Overview

Diagnosis of Lobular Carcinoma In Situ

Lobular carcinoma in situ (LCIS) is most often discovered during a breast biopsy performed for another reason. It usually cannot be felt during a breast exam or seen on a mammogram.

Types of breast biopsy that may be used include:

Core needle biopsy

A healthcare professional uses a thin, hollow needle to remove several small tissue samples from the breast. Imaging tests such as ultrasound or MRI are often used to guide the needle.

Surgical biopsy

A surgeon performs an operation to remove the tissue sample for testing.

The tissue removed during the biopsy is sent to a laboratory, where pathologists examine the cells closely to confirm the presence of lobular carcinoma in situ.

Treatment Options for Lobular Carcinoma In Situ

Treatment for lobular carcinoma in situ (LCIS) often focuses on close monitoring and risk reduction. Medicines or surgery may be used to lower the risk of developing breast cancer. Your healthcare team considers your overall health, risk factors, and preferences when creating a plan.

Careful monitoring for breast cancer

Regular screening is commonly recommended and may include:

  • Annual mammograms
  • Clinical breast exams every 6 to 12 months
  • Monthly breast self-exams to increase breast awareness
  • Additional screening tests (such as breast MRI or molecular breast imaging) based on your individual risk factors, family history, genetic changes, and breast density

Medicine to lower the risk of breast cancer

Hormone-blocking medicines that reduce the effect of estrogen can lower breast cancer risk. Options include:

  • Tamoxifen
  • Raloxifene (Evista)
  • Anastrozole (Arimidex)
  • Exemestane (Aromasin)

These medicines are usually taken daily for five years (tamoxifen may sometimes be taken at a lower dose every other day).

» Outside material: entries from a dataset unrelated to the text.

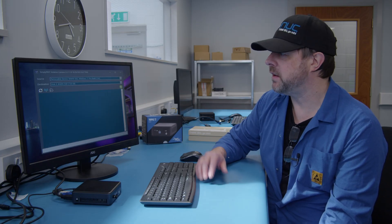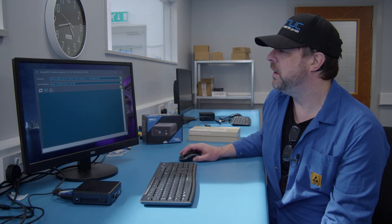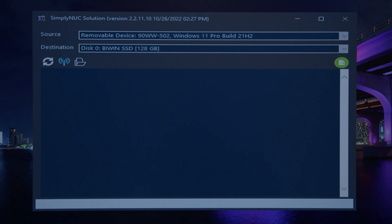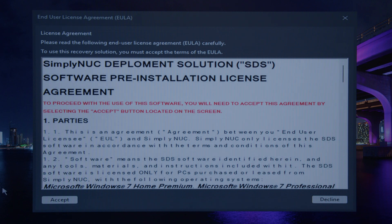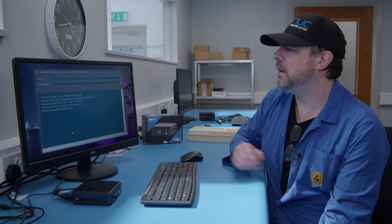Once the restore key is loaded, this is the screen that you're presented with. We're given our destination drive and our source. Our source is the image that we're going to apply, and our destination is the drive in the NUC that we're going to apply the image to. So we'll click the green button, click yes, and accept the terms — and that'll begin the process.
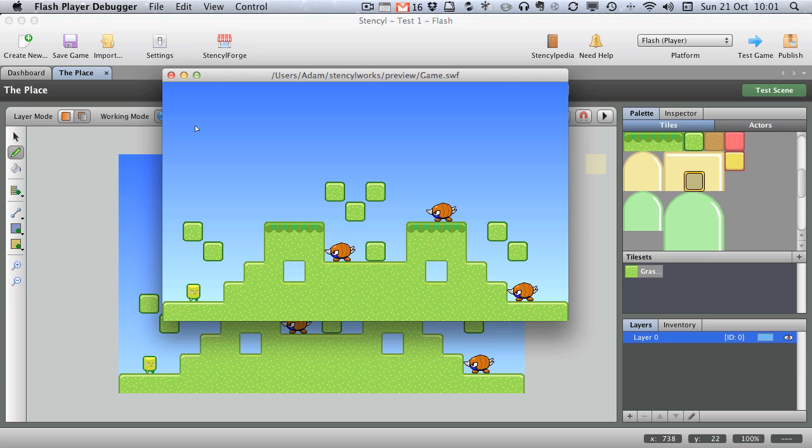Thanks for listening. This is the end of Part 2, and we'll be doing other tutorials for Stencil very soon. Stay tuned. Bye bye.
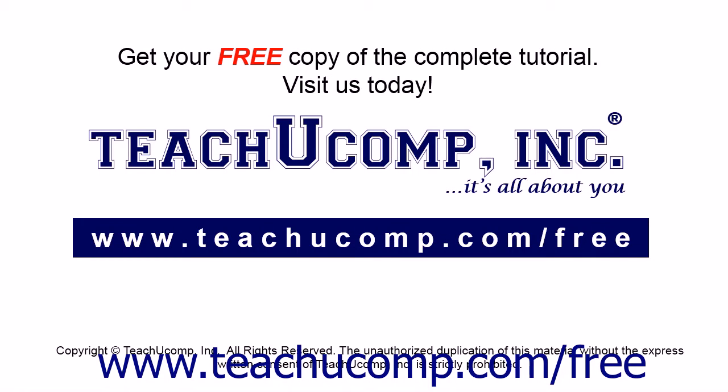Get your free copy of the complete tutorial at www.teachucomp.com/free.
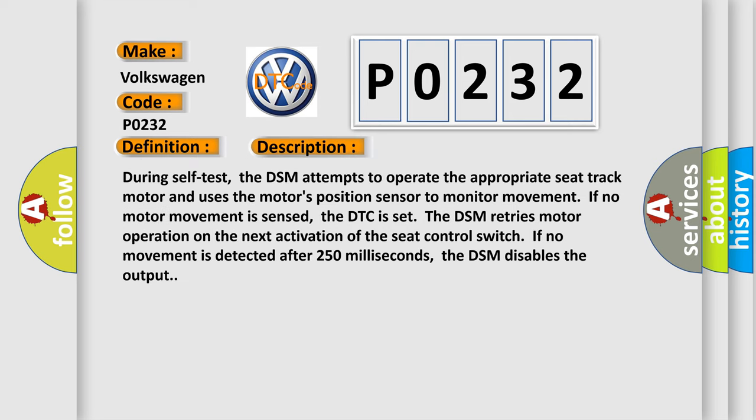And now this is a short description of this DTC code. During self-test, the DSM attempts to operate the appropriate seat track motor and uses the motor's position sensor to monitor movement. If no motor movement is sensed, the DTC is set. The DSM retries motor operation on the next activation of the seat control switch. If no movement is detected after 250 milliseconds, the DSM disables the output.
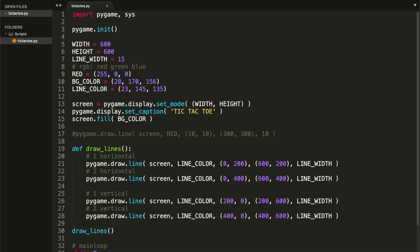Hey guys, welcome to CodingSpot and welcome to part 2 of this tutorial on how to do Google's Tic-Tac-Toe. In the last video we managed to create the screen, we paint our background, and we draw the four lines of our board.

Surgery to lower the risk of breast cancer

For people at very high risk (due to strong family history or certain genetic changes), risk-reducing mastectomy (prophylactic mastectomy) to remove one or both breasts may be recommended.

Treatment for pleomorphic lobular carcinoma in situ

A rarer and more aggressive type called pleomorphic LCIS is often treated with surgery because it carries a higher risk of developing into invasive cancer and can usually be seen on mammograms.

  • Lumpectomy to remove the concerning area
  • Mastectomy to remove nearly all breast tissue

The choice depends on the extent of the changes, mammogram findings, family history, and your age.